When's the best time to go? Sichuan has a more temperate climate than Hong Kong and is at its best in spring and autumn. During winter, temperatures can drop to three degrees Celsius and the mountain is sometimes capped with snow, but underfloor heating will keep you warm, and huge indoor and outdoor pools allow all-weather swimming.

What is there to do? The hotel's "guest experience" managers can arrange a variety of activities for you. Within the resort there is a spa, yoga and tai chi classes, Sichuan cookery demonstrations and a bijou cinema that shows four scheduled films a day. Venture outside and it's a two-hour hike, or a short hop in a cable car, up Mount Qingcheng, thickly forested with evergreens and dotted with beautiful temples. It's worth climbing to the 1,260-metre summit to see the mist-wreathed red and gold pagoda and sweeping views of hills and valleys. Tip: the higher you go, the thinner the crowds.

The nearby city of Dujiangyan is also worth a visit, if for no other reason than to see its 2,000-year-old irrigation system - a Unesco World Heritage site that splits the town's raging torrent of a river in two. Then cross that river on a wobbly cable bridge and stroll along the hilly riverbank, which is dotted with temples and pagodas. The hotel also runs a popular night tour of the old town's lively centre. Bike rides, fruit picking, fishing and hiking can all be arranged, too.

Yeah, yeah, but will I see pandas? You certainly will - Sichuan's biggest draw is China's national treasure. You have three options. Panda Valley has about a dozen furry residents and, with small enclosures, close-up photos are guaranteed. Panda Ark provides a home for elderly pandas and returnees from international zoos, and offers opportunities to volunteer as a keeper. If it's baby pandas you want, drive 90 minutes to the Breeding and Research Centre, in Chengdu, where the black-and-white bundles of joy frolic in the nursery.

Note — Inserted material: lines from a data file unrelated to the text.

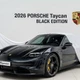 Chi tiết Porsche Taycan Black Edition 2026 đậm chất thể thao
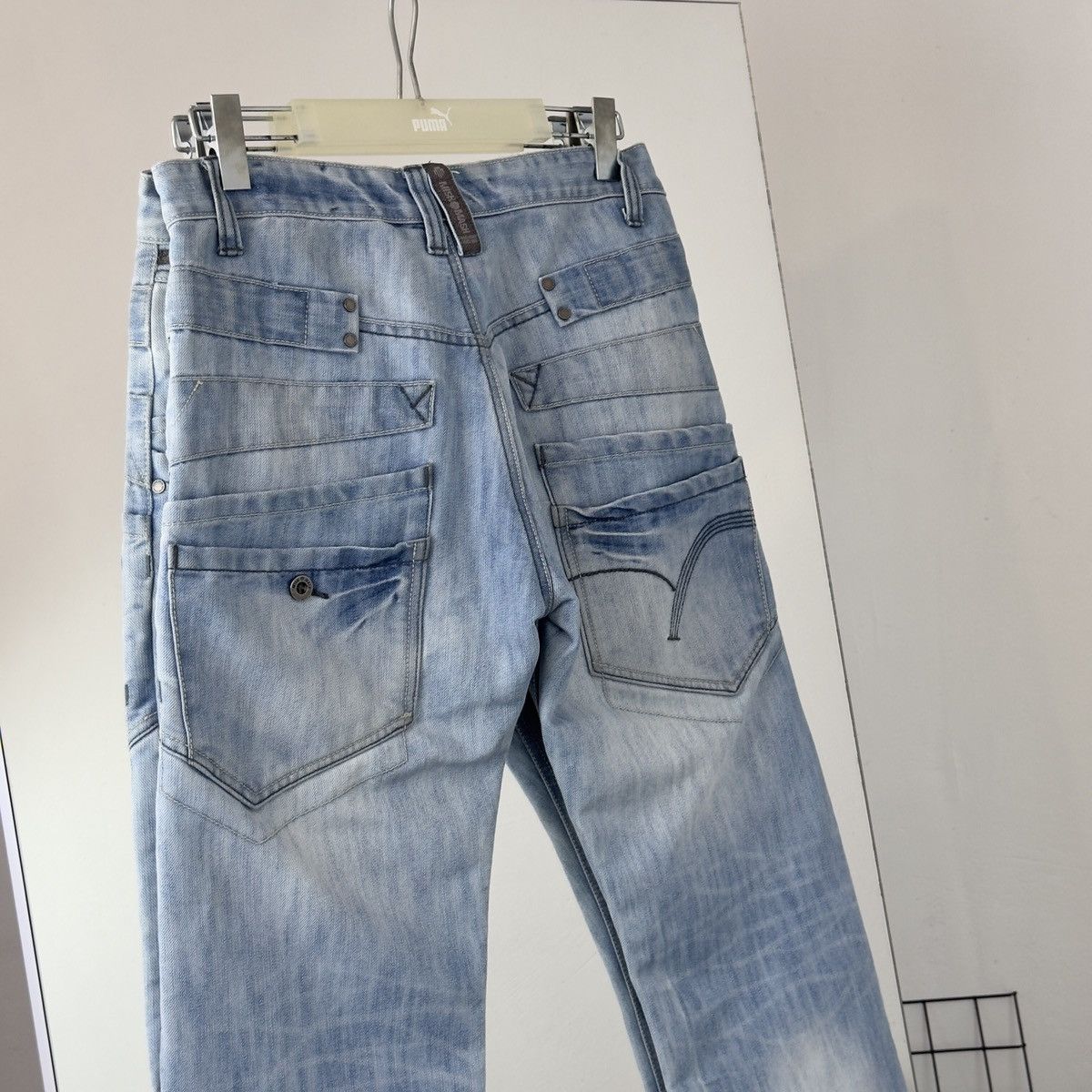 Japanese Brand Japanese Brand Multi-pocket Pants Denim Baggy Bidtressed Size US 32 / EU 48 - 3 Thumbnail
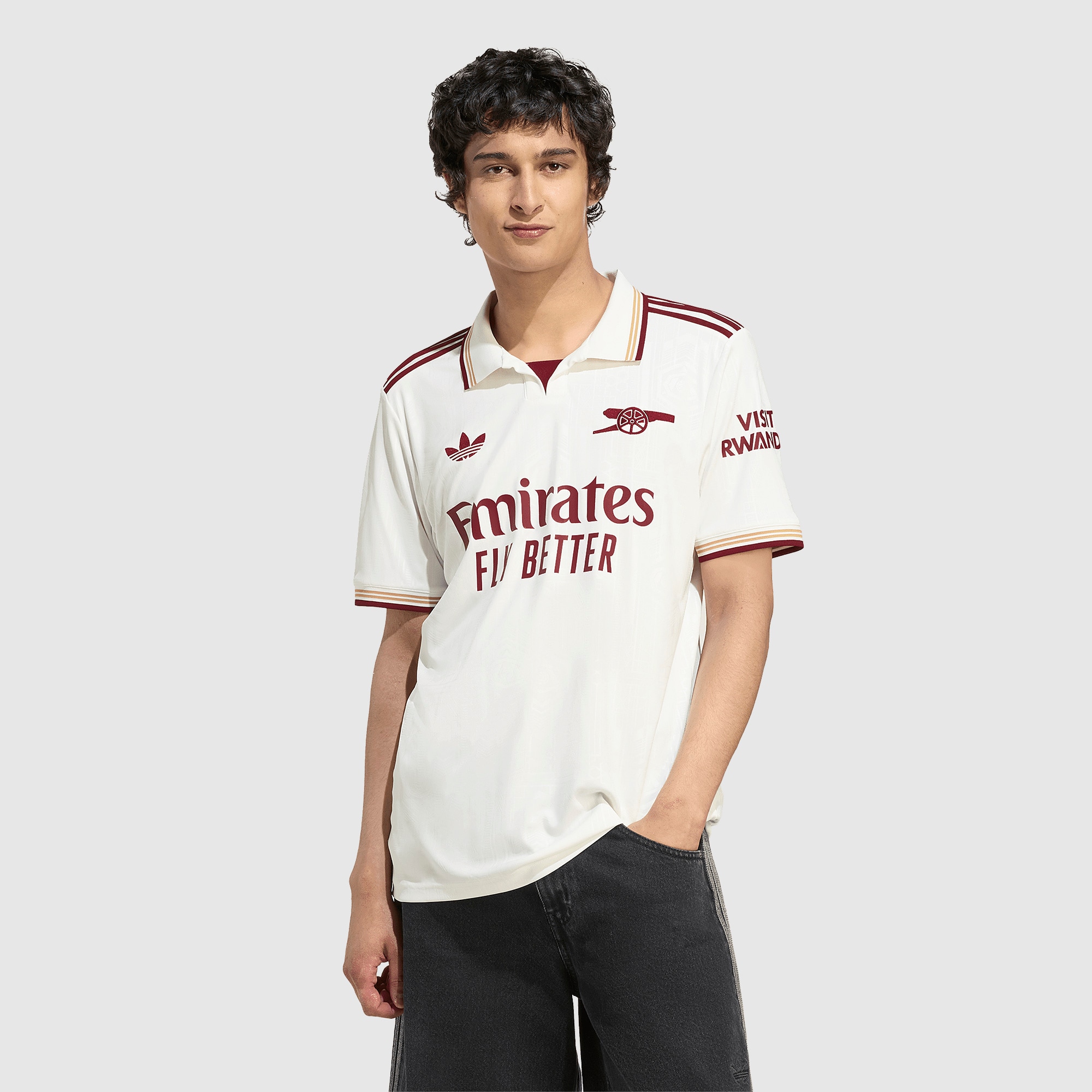 adidas Originals Arsenal 25/26 Third Jersey - Cloud White/Team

Hungry now … how's the food? Fiery! Sichuanese cuisine, generously seasoned with lip-tingling Sichuan pepper, is China's spiciest. Regional specialities are served at the resort's 28Zodiac restaurant (the dandan noodles are outstanding). Fresh produce from the property's organic garden is used at Western restaurant Farm2Fork. The hotel's head chef devises the menus in consultation with a nutritionist - those on a healthy-eating kick have plenty of choices. There's also a Thai restaurant (below right) and, if you're hungry between meals, you can visit the Square, where little stalls dispense Chinese snacks, drinks and home-made ice cream, which you pay for using the bag of antique coins you'll find in your room.

How much is this going to set me back? Room prices start from 2,122 yuan (HK$2,575) for two, including breakfast. Various carriers offer 2½-hour flights to Chengdu (business and club passengers on Hong Kong Airlines can use its swanky new lounge).